- The input
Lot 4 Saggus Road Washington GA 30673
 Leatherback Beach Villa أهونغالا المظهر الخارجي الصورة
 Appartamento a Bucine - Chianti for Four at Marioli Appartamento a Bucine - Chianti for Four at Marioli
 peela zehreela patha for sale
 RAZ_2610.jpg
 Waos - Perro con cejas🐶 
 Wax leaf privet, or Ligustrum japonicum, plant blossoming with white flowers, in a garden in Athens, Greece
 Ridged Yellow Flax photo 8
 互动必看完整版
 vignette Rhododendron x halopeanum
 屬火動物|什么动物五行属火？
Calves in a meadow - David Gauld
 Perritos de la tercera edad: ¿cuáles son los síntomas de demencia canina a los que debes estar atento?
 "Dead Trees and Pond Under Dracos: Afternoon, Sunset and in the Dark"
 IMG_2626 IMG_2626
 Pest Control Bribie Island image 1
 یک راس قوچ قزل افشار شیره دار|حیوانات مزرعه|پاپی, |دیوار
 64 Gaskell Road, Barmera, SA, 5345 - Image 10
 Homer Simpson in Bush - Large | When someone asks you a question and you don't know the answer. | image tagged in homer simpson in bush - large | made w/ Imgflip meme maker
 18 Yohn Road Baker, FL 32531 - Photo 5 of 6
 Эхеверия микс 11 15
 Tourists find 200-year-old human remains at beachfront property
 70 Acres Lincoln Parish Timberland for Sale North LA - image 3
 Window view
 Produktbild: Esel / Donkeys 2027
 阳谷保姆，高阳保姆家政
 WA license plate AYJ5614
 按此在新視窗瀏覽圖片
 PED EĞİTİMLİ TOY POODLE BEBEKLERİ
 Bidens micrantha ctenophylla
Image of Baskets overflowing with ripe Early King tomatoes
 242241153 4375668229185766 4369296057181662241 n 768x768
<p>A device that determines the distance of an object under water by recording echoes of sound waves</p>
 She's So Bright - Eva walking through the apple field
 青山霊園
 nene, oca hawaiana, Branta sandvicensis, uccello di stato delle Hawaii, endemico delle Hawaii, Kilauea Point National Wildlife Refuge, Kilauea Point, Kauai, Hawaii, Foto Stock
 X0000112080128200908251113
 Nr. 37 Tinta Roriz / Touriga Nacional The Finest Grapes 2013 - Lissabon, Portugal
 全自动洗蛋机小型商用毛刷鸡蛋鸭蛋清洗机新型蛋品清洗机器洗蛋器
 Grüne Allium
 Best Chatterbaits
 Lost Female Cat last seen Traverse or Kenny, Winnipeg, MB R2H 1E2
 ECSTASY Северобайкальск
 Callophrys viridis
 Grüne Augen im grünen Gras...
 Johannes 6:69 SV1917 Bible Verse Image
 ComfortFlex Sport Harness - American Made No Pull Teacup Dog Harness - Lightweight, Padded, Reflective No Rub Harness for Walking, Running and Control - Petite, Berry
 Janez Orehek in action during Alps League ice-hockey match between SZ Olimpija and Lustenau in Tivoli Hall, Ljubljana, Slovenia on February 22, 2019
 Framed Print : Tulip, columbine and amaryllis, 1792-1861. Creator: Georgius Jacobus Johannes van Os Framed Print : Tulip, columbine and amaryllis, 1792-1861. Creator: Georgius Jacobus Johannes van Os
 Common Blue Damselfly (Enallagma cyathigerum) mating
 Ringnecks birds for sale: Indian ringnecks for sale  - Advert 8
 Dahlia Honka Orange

- Exercise goal
The reply should hold only the lines of the listing above starting at the line containing "RAZ_2610.jpg" and ending at the line containing "屬火動物|什么动物五行属火？", exactly as written.

- Worked solution
 RAZ_2610.jpg
 Waos - Perro con cejas🐶 
 Wax leaf privet, or Ligustrum japonicum, plant blossoming with white flowers, in a garden in Athens, Greece
 Ridged Yellow Flax photo 8
 互动必看完整版
 vignette Rhododendron x halopeanum
 屬火動物|什么动物五行属火？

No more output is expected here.